Скоро они уже болтали обо всем, о чем только могли. Михась, хоть и поглядывал на часы, но рассказывал охотно: как болел и как ухаживали за ним дети, как переехал потом в другую квартиру – поменялся с дочкой, которая вновь на сносях и места надо много, а он только рад детям-внукам помочь.

– Так давай за встречу, а? – предложил Максим.
– Нет, дорогой, не пью я больше.
– Врачи запретили? – сочувственно изрек Максим. – Так мы ж пиво, ничего другого и я давно не пью! Возраст уж, понимать надо!
– Нет, и пиво не пью, – улыбнулся приятель.
– Вот те на… – Максим сразу спал с лица.
– Ну-ну. Что ж мы – без пива поговорить не можем?
– Без пива ты все на часы поглядываешь, – с досадой отозвался Максим, пощипав волосы на своем виске.
– Да обещал людям прийти помочь на стройке, но немножко еще посижу, – спокойно ответил Михась.
– Это не на церковной ли?
– На ней, да. У вас, говорят, Михаил Михайлович, золотые руки, заодно и молодому поколению покажете, как надо.
– Ну да, молодые сейчас, наверно, и по гвоздю молотком не попадут…
– Да нет, хорошие ребята молодые, зря ты. Стараются. Чего-то действительно не знают – ну так и мы не знали в их возрасте. Не вини молодых. Твой-то сын разве плох? Руки откуда надо, ты сам же хвастался мне – и работник хороший, и ремонт сам всегда делал. И мои дети тоже. А то, что надо нам опыт передавать, а не с бутылкой сидеть, наша это ответственность – вот это точно.

Максим сидел с обиженным лицом.

– Скажешь – не прав я? – продолжил Михась. – Смотри, что у нас в микрорайоне происходит.
– Хороший у нас микрорайон! – запальчиво бросил Максим.
– Хороший, не спорю. Только как дело к вечеру – один за другим пьяные идут. А обочины дорог и тротуаров окурками усеяны, вот, посмотри на землю-то. Мы так жили, они так живут – хорошо разве? А детей в этом растить?
– Мы как-то выросли и людьми стали, – мрачно ответил Максим, глядя под ноги. И вправду – везде окурки, сколько ни ставь эти нарядные урны.
– Не тот опыт мы передаем. Согласишься со мной?

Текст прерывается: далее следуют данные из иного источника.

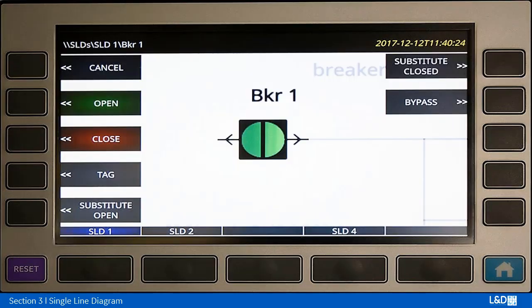If we want to go ahead and control breaker number one, we're going to select the button associated with it and we'll see this kind of screen. The choices are to either cancel the operation, open, close, or there's a tag, substitute, and bypass that we've programmed — I'll talk more about those in a moment.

Максим помолчал. А потом решился:

– Это что ж с тобой на этой… стройке-то сделали, что ты так… передумал?
– Всё ждал, когда спросишь. Другие, кого раньше знал, на улице встречают  –не церемонятся: «Михась в попы собрался!» Да не собрался.
– Ну так расскажи, – сказал Максим, замечая, что без выпивки разговаривать ему как-то невесело.
– А рассказывать почти и нечего. Когда внучку крестили, что-то задумался: а ведь Бог есть! Всегда  в это верил – а чего ж в церковь не ходил? Стал иногда забредать. На лавке посижу, на иконы посмотрю. Думал – выгонят, скажут – дурак какой-то ходит и даже свечку не поставит. Нет, не выгнали. Потом остался на молебен один. А молебен – тетки стоят и плачут. Чего это, думаю? Оказывается – за пьющих мужей и сыновей молятся. Вот же ж, думаю, как им плохо. Слышу, одна другой говорит: мой сын каждый день пиво пьет! Вот те на. Я ведь тоже каждый день. Пошел домой, а сам считаю, сколько это в деньгах выходит, на выпивку мою. Ма-ама моя, да это ж всю дачу перестроить можно! А то и жену куда свозить, она у меня на работе вон как устает.
– А ты не устаешь?
– Я – а что я? Знаешь, у нас на стройке как-то один парень на перекуре… ну, это я просто сказанул, что перекур, никто не курит…
– Еще и не курите.
– …как-то зашел разговор про мужчин и женщин (Максим на всякий случай хихикнул), и парень этот говорит: «Понимаете, вот моя жена, например, может нести ведро. Но дело в том, что я-то могу одновременно нести и жену, и ведро!»

Максим пригладил волосы:

– И ты, стало быть, теперь не пьешь и экономишь.
– Да не только. Как-то свободнее себя сразу почувствовал. Что не мне кто-то изнутри командует «иди выпей», а я себе командую, я себе хозяин. На самом деле я, конечно, и до этого не сразу дошел. Сходил в еще один храм. Там, оказывается, очень святой батюшка старенький раньше служил, а теперь помер. И икона одна, говорят, исцеляла. Вот только как батюшка умер – почему-то икона больше чудес и не дает, говорят.
– Да ладно, кто ж наверняка может сказать. И вообще, икона и есть икона, святое, она ж тебе не корова – все время молоко давать, – сказал Максим и сам себя не узнал. Чего это он вдруг за какую-то неизвестную икону заступается, как за родную? Чтобы скрыть смущение, спросил:
– А к чему ты про это?
– Да к тому, что вернулся обратно я в церковь, с которой начинал – ну, тогда, на крестинах. Думаю, здесь чудес никаких нет – вот и ладно. Я простой человек, вот буду в простой церкви.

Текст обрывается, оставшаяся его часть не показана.